■ **PROBLEM**
Needed from the data below: every line from the one with "I should have" up to and including the one with "This is my honest", repeated exactly and with nothing else.

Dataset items
====
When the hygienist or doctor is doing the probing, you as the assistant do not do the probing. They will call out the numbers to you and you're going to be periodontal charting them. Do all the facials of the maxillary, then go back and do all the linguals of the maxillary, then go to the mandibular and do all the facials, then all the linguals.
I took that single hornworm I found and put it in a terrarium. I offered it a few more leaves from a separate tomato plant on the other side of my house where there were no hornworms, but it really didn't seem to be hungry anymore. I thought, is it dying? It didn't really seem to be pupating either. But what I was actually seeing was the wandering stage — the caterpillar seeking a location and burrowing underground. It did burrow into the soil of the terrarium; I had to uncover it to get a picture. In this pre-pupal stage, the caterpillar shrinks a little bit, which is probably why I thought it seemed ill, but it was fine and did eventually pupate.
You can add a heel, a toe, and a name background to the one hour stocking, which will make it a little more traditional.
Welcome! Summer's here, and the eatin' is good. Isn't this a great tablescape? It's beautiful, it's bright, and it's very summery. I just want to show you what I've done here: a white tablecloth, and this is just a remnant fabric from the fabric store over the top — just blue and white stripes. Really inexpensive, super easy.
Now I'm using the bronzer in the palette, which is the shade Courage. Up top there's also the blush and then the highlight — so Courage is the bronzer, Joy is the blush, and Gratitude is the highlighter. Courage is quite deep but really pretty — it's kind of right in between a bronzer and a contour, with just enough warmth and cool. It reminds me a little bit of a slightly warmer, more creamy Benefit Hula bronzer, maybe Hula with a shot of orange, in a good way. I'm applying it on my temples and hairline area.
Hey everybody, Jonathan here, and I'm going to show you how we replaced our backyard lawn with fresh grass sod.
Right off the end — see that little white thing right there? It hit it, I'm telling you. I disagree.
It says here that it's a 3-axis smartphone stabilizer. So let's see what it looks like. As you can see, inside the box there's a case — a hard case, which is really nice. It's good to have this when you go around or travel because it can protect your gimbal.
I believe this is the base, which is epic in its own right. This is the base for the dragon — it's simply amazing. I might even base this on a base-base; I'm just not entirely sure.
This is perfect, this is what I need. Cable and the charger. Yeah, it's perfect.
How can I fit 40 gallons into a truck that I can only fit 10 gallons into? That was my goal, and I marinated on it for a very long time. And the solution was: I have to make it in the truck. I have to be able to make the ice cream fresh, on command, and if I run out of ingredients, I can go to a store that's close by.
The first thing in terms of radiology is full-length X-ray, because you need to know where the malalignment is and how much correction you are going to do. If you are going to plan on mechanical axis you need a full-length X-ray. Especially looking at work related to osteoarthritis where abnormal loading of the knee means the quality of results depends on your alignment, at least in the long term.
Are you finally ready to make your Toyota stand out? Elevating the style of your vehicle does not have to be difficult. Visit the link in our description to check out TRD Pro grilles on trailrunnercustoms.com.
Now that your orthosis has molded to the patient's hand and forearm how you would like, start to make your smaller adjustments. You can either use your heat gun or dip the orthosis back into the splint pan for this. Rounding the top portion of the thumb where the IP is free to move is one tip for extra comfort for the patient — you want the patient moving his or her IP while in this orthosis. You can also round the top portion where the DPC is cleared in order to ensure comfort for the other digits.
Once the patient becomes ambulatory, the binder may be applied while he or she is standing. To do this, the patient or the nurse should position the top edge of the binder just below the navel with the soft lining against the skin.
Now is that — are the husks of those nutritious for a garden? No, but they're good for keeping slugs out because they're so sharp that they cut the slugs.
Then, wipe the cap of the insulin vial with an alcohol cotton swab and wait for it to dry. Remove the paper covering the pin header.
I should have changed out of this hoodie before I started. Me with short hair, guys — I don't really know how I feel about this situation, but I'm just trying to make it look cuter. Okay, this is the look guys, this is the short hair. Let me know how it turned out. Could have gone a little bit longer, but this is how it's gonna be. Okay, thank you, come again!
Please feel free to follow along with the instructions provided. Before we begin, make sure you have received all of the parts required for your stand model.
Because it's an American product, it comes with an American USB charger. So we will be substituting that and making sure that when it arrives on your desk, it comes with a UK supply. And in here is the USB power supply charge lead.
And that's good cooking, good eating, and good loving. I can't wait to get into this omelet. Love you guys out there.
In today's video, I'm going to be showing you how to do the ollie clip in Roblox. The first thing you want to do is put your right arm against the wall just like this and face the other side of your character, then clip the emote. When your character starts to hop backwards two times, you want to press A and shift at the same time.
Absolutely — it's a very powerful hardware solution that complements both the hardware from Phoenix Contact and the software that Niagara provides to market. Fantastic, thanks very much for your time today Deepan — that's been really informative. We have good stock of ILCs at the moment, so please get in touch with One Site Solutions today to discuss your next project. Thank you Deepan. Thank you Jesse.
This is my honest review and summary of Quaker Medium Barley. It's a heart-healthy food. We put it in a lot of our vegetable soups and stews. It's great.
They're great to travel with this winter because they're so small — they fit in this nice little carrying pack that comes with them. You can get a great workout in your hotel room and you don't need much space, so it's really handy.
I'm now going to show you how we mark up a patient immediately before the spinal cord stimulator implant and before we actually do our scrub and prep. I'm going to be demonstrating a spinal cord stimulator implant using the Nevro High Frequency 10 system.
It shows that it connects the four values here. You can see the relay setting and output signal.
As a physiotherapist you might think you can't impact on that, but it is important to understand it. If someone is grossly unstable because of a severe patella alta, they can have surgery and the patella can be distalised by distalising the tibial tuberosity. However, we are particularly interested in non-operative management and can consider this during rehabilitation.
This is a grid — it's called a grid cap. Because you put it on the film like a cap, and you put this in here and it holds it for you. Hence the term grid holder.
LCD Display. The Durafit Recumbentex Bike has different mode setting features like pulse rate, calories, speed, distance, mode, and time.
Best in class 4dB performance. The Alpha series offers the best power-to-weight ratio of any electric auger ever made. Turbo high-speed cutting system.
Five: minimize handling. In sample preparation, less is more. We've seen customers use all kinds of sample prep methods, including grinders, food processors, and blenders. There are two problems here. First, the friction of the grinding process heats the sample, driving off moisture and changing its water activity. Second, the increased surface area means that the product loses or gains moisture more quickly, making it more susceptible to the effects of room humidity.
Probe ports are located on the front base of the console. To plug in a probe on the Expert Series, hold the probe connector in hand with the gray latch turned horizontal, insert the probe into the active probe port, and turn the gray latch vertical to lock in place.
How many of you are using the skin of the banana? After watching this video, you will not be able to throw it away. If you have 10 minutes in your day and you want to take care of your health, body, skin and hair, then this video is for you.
====
■ **SOLUTION**
I should have changed out of this hoodie before I started. Me with short hair, guys — I don't really know how I feel about this situation, but I'm just trying to make it look cuter. Okay, this is the look guys, this is the short hair. Let me know how it turned out. Could have gone a little bit longer, but this is how it's gonna be. Okay, thank you, come again!
Please feel free to follow along with the instructions provided. Before we begin, make sure you have received all of the parts required for your stand model.
Because it's an American product, it comes with an American USB charger. So we will be substituting that and making sure that when it arrives on your desk, it comes with a UK supply. And in here is the USB power supply charge lead.
And that's good cooking, good eating, and good loving. I can't wait to get into this omelet. Love you guys out there.
In today's video, I'm going to be showing you how to do the ollie clip in Roblox. The first thing you want to do is put your right arm against the wall just like this and face the other side of your character, then clip the emote. When your character starts to hop backwards two times, you want to press A and shift at the same time.
Absolutely — it's a very powerful hardware solution that complements both the hardware from Phoenix Contact and the software that Niagara provides to market. Fantastic, thanks very much for your time today Deepan — that's been really informative. We have good stock of ILCs at the moment, so please get in touch with One Site Solutions today to discuss your next project. Thank you Deepan. Thank you Jesse.
This is my honest review and summary of Quaker Medium Barley. It's a heart-healthy food. We put it in a lot of our vegetable soups and stews. It's great.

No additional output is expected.